In 1945, the Archives of Latvian Folklore moved to the Institute of Folklore at the University of Latvia and Bērzkalne returned. Her strict use of the Finnish School drew criticism in the post-war period from Jānis Niedre, who was developing a new Soviet method for folklore studies. Bērzkalne believed that ideological demands on academic study were foolish, but she took care to improve her qualifications so that she could continue to work in the profession. Between 1945 and 1950, she lectured at the Latvian State University on folklore and worked as a research assistant at the Institute of Folklore, but Niedre's attacks on her research methods forced her to attempt to adapt to the new Soviet methods.
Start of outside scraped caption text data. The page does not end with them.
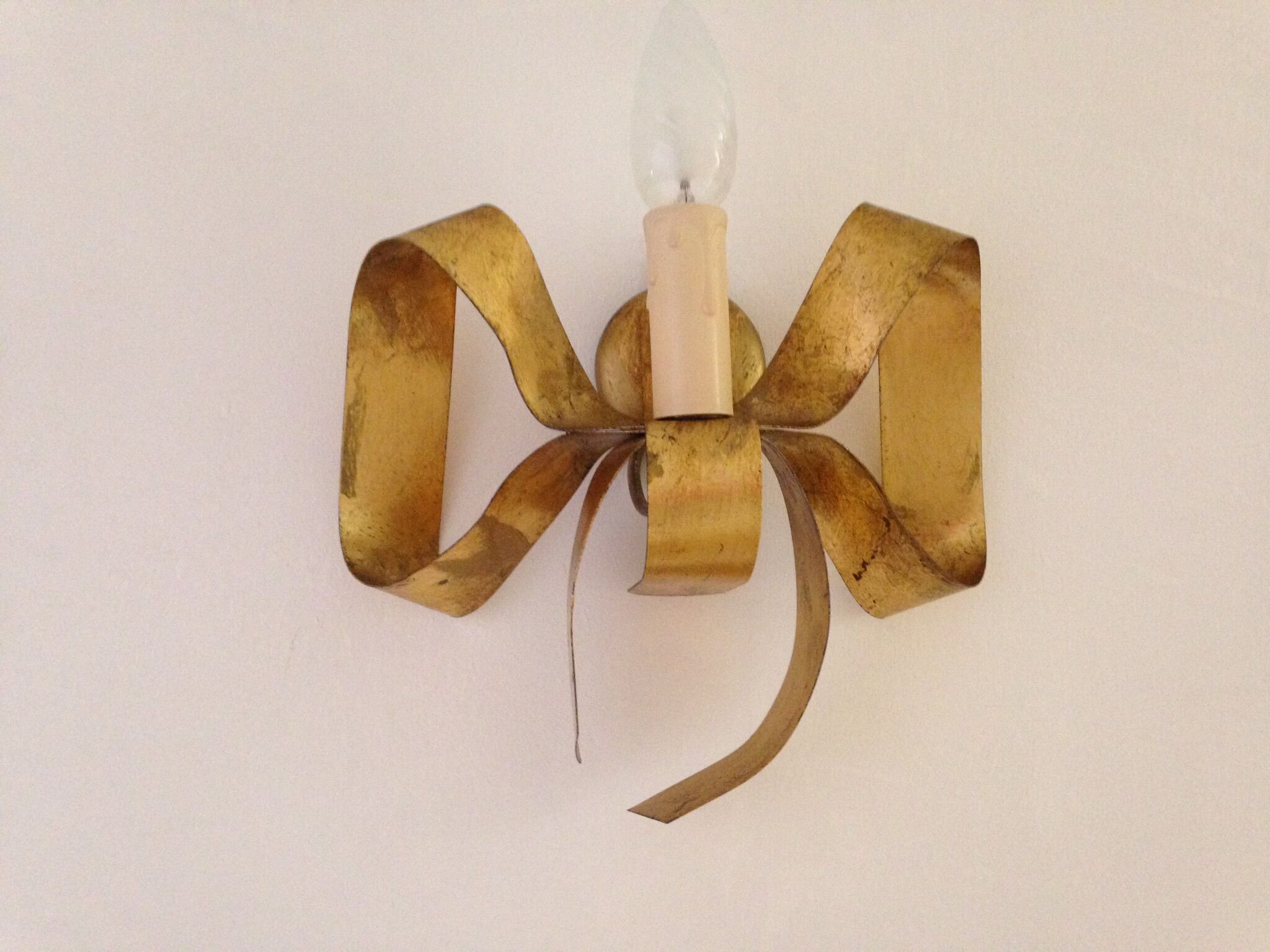 Applique dorée à l’or fin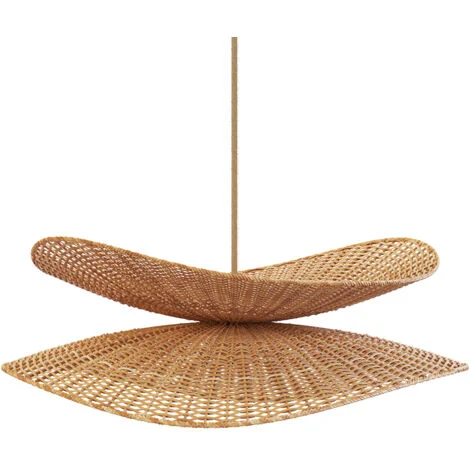 Lampada a Sospensione in Rattan - Boho Bali - Buju Naturale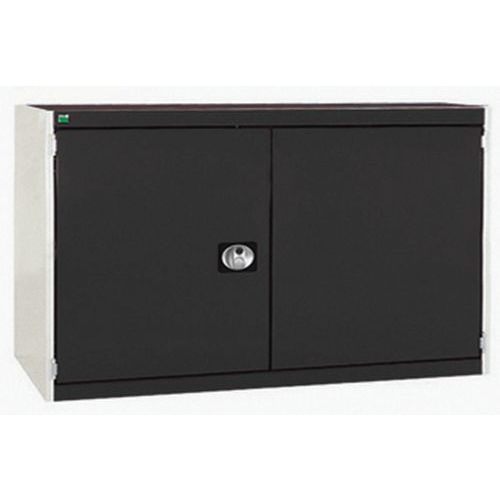 Bott Cubio Heavy Duty Cabinet With 2 Perfo Storage Doors WxD 1300x525mm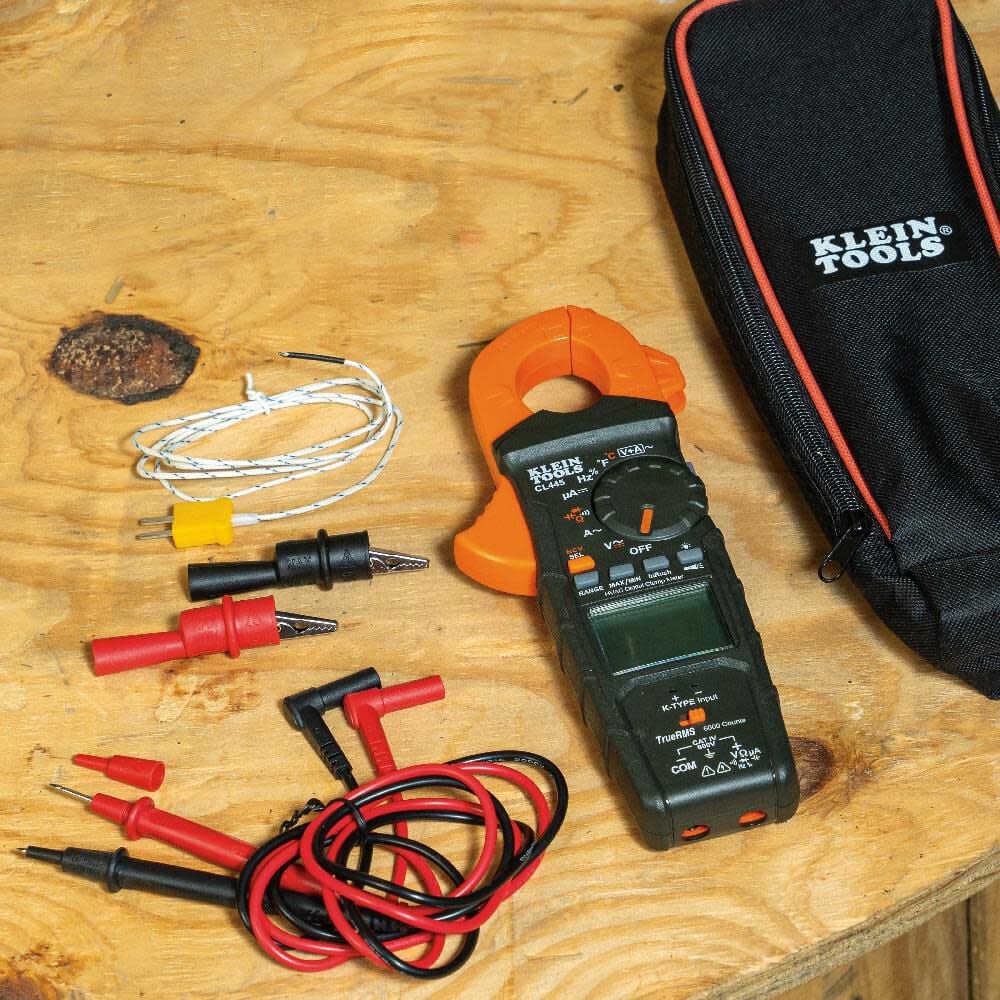 Klein Tools HVAC Clamp Meter CL445 from Klein Tools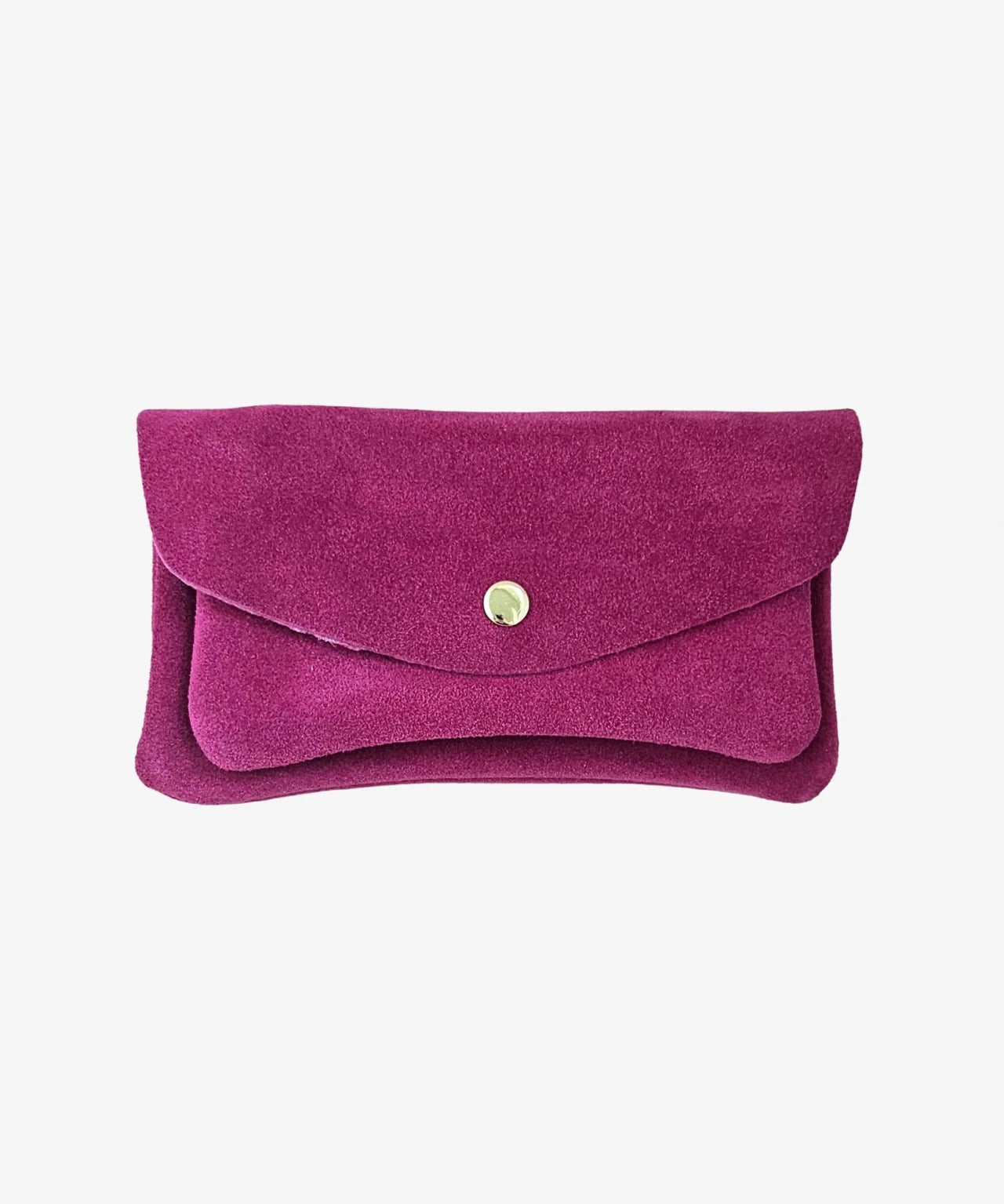 Royal marais - Großer Geldbeutel in Wildleder-Optik • Fuchsia - ROSA ECK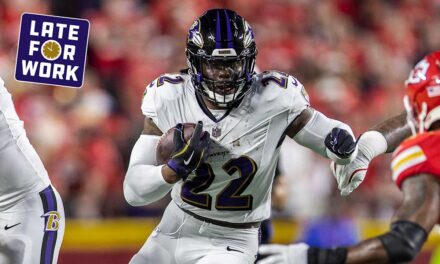 Late for Work: Pundit Says Ravens Have the Offense That Can Beat Chiefs in the Playoffs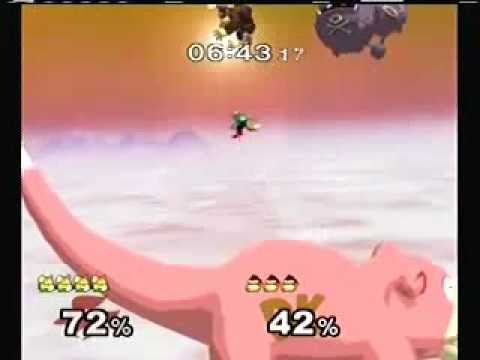 MLG Long Island '07 - Mew2King (Fox) vs Bum (DK) 4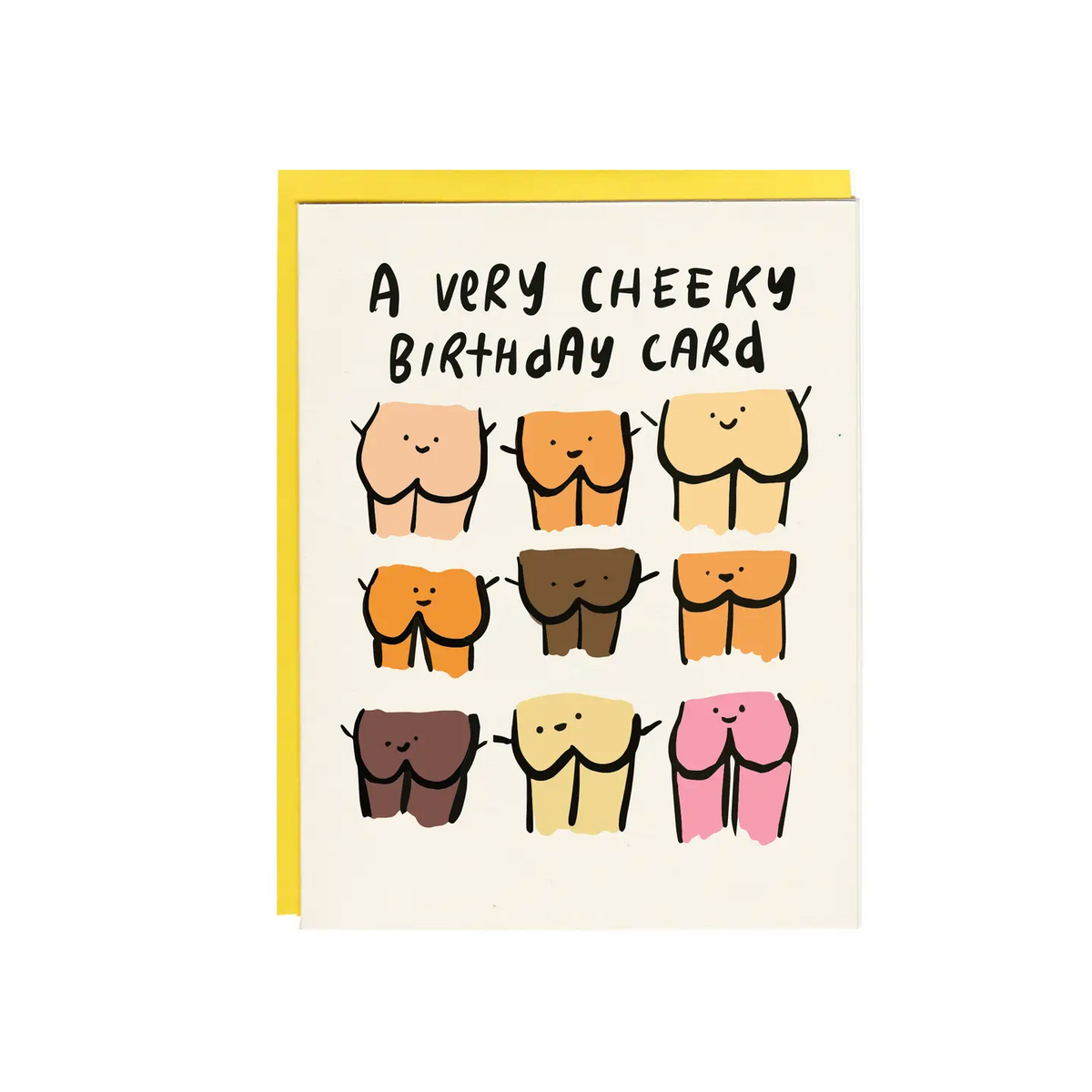 Card - A Really Cheeky Birthday Card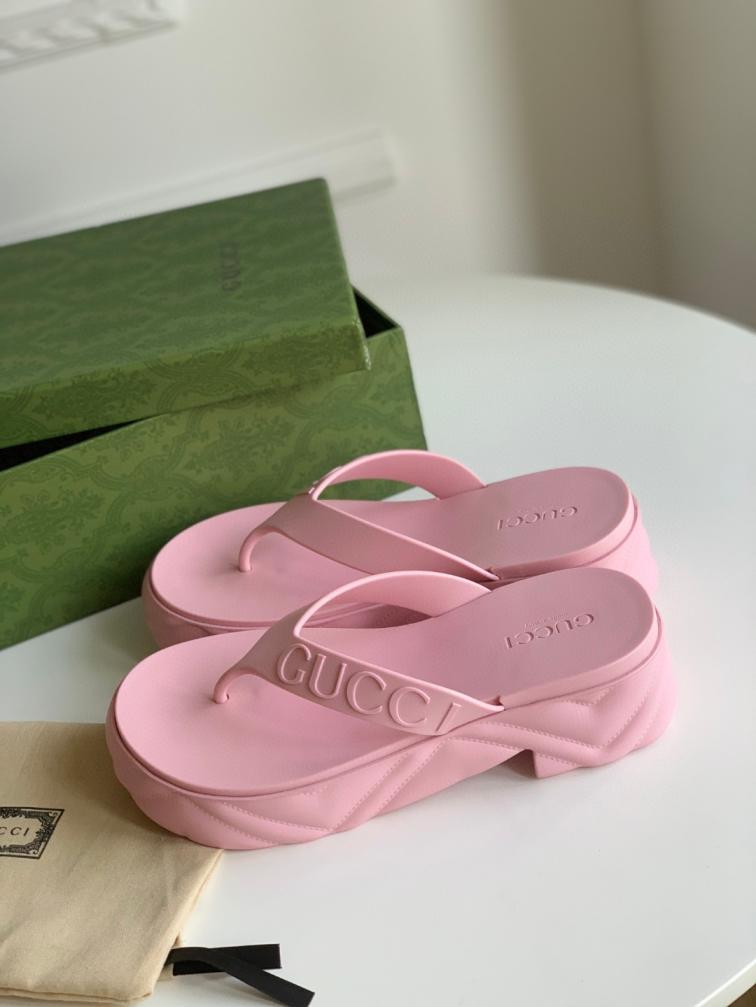 GUCCI  flat slippers 134469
Along with other scholars of the interwar period, Bērzkalne was ostracized for her past work and the new materials she tried to present which aligned with the ideals, though not the methodology, of the new Soviet themes, were rejected by publishers. Unable to sustain basing her research on the "pseudo-scholarly Soviet principles", she openly criticized Niedre's methods and was terminated from her post. Hoping to re-qualify by taking examinations in Moscow to continue with folkloric research, her plans were abandoned after health concerns forced her to move in with her brother's family. She became reliant on him for financial support.

==Death and legacy==
Bērzkalne died on 1 March 1956 and was buried at the Forest Cemetery in Riga. After her death, she was ignored during the Soviet period, but her work has been revived by post-Soviet scholars. She is recognized as the first Latvian to earn a degree in Folkloric Studies and as the founder of the Archives of Latvian Folklore. She is also considered a central figure in developing folkloric study as an academic discipline in Latvia. The author of 52 studies, her publications attempted to bring both Latvian folklore to international audiences and bring international folklore to Latvian audiences. Her papers are housed in the Academic Library of the University of Latvia.

==Selected works==
- Bērzkalne, Anna (1927). "Mēmie pagasti"
- Bērzkalne, Anna (1937). "Pamatjēdzieni par tautas dzeju"
- Bērzkalne, Anna (1938). "Typenverzeichnis lettischer Volksromanzen in der Sammlung Kr. Barons' 'Latvju Dainas'"
- Bērzkalne, Anna (1942). "The Song of the Youth who Died in Sorrow. Its Primary Form and Latvian Versions"
- Bērzkalne, Anna (1949). "Līdzīgi motīvi latviešu bezatskaņu četrrindās un krievu atskaņpantos (častuški)" unpublished manuscript submitted to the Archives of Latvian Folklore.
- Bērzkalne, Anna (1949). "Biedrs Staļins padomju tautu dziesmās" unpublished manuscript submitted to the Latvijas Universitātes Akadēmiskā bibliotēka.
- Bērzkalne, Anna (1950). "V. I. Ļeņina tēls padomjtautu dzejā" unpublished manuscript submitted to the Latvijas Universitātes Akadēmiskā bibliotēka.
- Bērzkalne, Anna (1950). "Biedrs Staļins padomjtautu dziesmās kā sociālistiskās celsmes vadītājs" unpublished manuscript submitted to the Latvijas Universitātes Akadēmiskā bibliotēka.